Seguendo lo stesso metodo, Trubetskoy ha condensato in pochi tratti e sorprendente limpidezza la fittissima rete di strade che gli antichi Romani tracciarono a nord e a sud del Mediterraneo. Ciò premesso, a chi si domandasse perché lo stia raccontando (considerato che non si tratta neppure di un progetto degli ultimi giorni), rispondo che i motivi sono cinque.

Il primo: l’ha fatto per passatempo, esattamente come Beck, che lavorava per la London Underground ma non come cartografo e che per puro piacere impiegò le ore libere nella realizzazione di un capolavoro della cartografia mondiale. Mi è sembrato giusto segnalarlo, comunque la si pensi.

Il secondo: promuove sul suo sito questa eccezionale abilità in maniera dimessa (I’m available as a freelancer if you need to make a map), il che oggi è tutt’altro che usuale.

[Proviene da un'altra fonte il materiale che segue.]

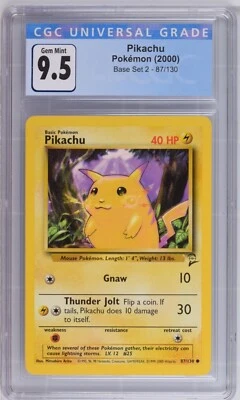 2000 POKEMON GAME BASE SET 2 PIKACHU 87 CGC 10  (9.5 re-holder eligible) - Image 1 of 2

Il terzo: non lo fa con improvvisazione (inconsueto anche questo) ma perché possiede competenze accademiche analitiche e statistiche necessarie per suddividere il mondo in categorie di oggetti ed entità mappabili. E può farlo per qualsiasi ambito e contesto.

Il quarto: perché osservando la sconfinata galassia di siti web per il turismo in cui si propone di tutto ammassando località, immagini e parole senza alcun ordine intuibile, si avverte la necessità di un intervento che restituisca all’utente l’idea immediata e chiara di quanto gli si desidera vendere: dove reperirlo, entro quale contesto, seguendo quale traiettoria e in base a quale aspettativa.

Il quinto, ultimo non per importanza: perché mappare un prodotto comporta lo sforzo di sedersi attorno a un tavolo e misurare quanto si è fatto. Un esercizio di coraggio, che obbliga a fare il punto degli obiettivi raggiunti ma soprattutto di quelli non raggiunti, perché alle mappe non si mente. Sono una forma d’arte che oscilla tra l’algoritmo e il quadro (*), ricorda Alessandro Baricco, noto appassionato del genere. Troppo scientifiche forse per inquadrare i molti progetti la cui “messa a terra” non rimarrà che un proposito destinato a involarsi anziché atterrare.